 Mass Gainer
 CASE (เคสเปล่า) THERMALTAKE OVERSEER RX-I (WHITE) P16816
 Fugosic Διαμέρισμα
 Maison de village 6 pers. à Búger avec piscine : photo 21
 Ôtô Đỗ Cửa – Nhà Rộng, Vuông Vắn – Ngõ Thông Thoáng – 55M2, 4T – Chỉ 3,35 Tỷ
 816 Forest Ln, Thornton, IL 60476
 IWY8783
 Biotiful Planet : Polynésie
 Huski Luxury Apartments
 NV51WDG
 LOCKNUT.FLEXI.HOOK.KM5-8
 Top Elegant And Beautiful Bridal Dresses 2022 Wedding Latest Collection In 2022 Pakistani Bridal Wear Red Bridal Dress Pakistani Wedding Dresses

━━━━━━━━━━━━━━━━━━━━━━━━━━━━━━

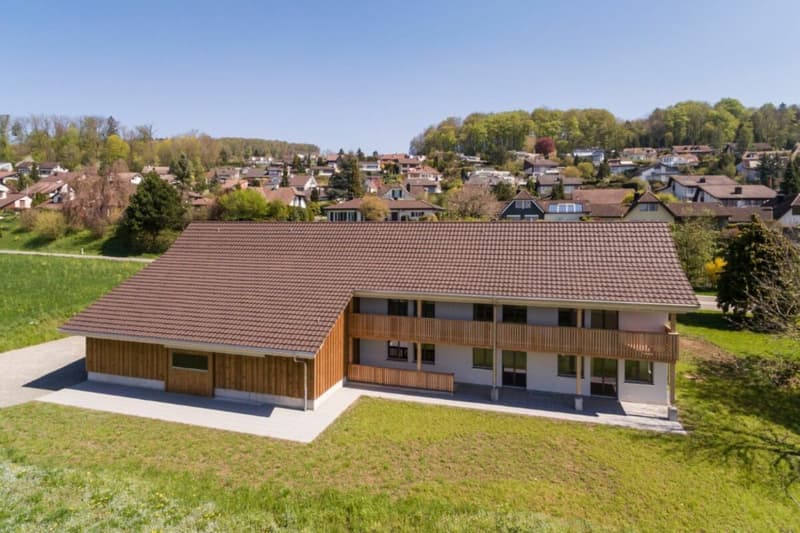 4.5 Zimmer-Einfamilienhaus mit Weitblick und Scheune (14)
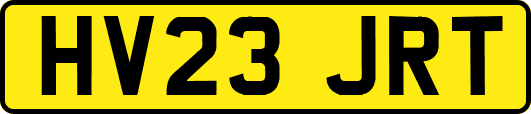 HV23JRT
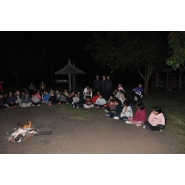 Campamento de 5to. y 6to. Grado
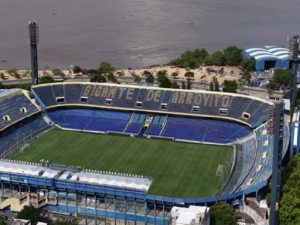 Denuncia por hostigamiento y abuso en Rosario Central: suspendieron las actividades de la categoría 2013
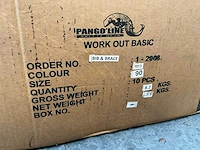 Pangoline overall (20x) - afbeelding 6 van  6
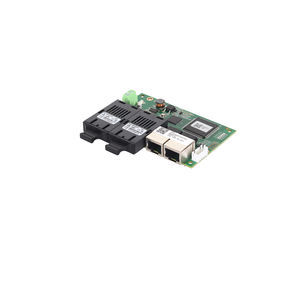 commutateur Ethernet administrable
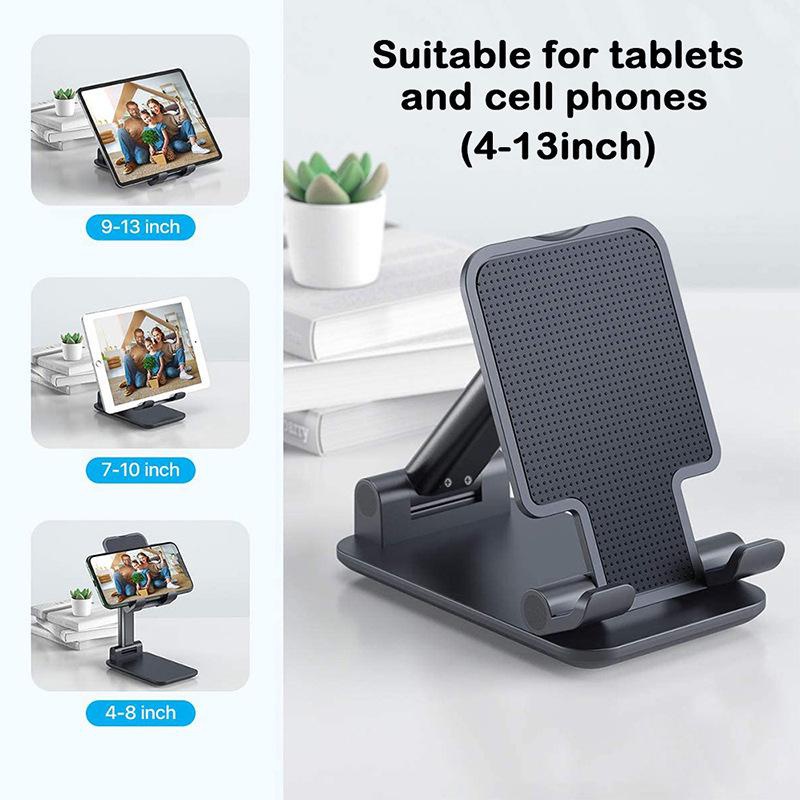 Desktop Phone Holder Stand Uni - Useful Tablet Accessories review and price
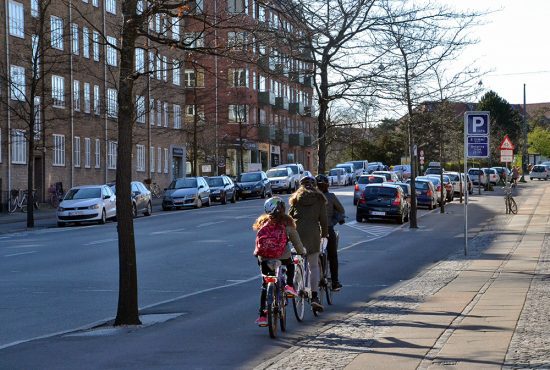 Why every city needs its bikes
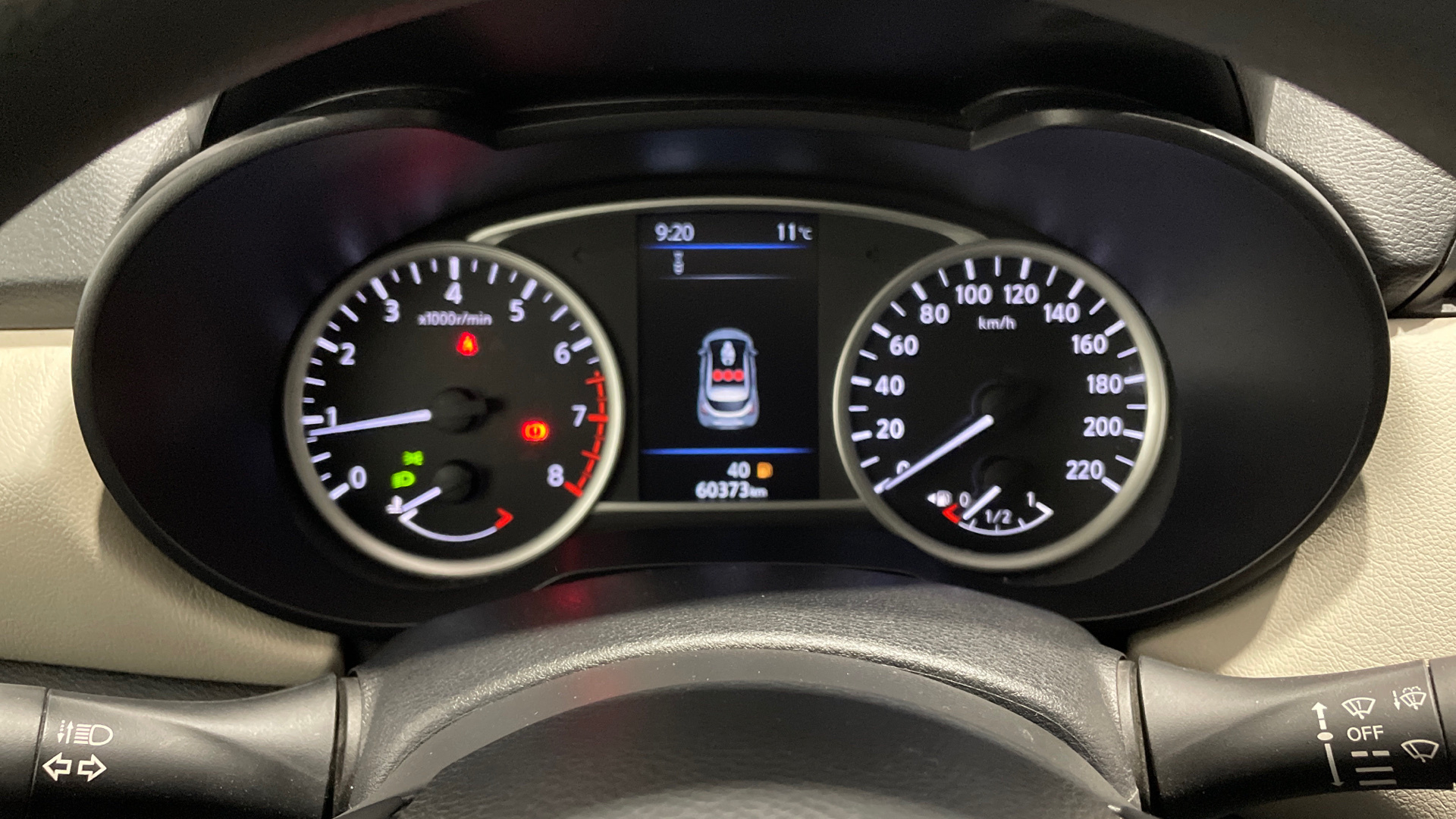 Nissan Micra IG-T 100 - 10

━━━━━━━━━━━━━━━━━━━━━━━━━━━━━━

Task — Reprint exactly the lines above that start at the one with "Maison de village" and end at the one with "Top Elegant And", keeping both and adding none.

Exercise solution —
 Maison de village 6 pers. à Búger avec piscine : photo 21
 Ôtô Đỗ Cửa – Nhà Rộng, Vuông Vắn – Ngõ Thông Thoáng – 55M2, 4T – Chỉ 3,35 Tỷ
 816 Forest Ln, Thornton, IL 60476
 IWY8783
 Biotiful Planet : Polynésie
 Huski Luxury Apartments
 NV51WDG
 LOCKNUT.FLEXI.HOOK.KM5-8
 Top Elegant And Beautiful Bridal Dresses 2022 Wedding Latest Collection In 2022 Pakistani Bridal Wear Red Bridal Dress Pakistani Wedding Dresses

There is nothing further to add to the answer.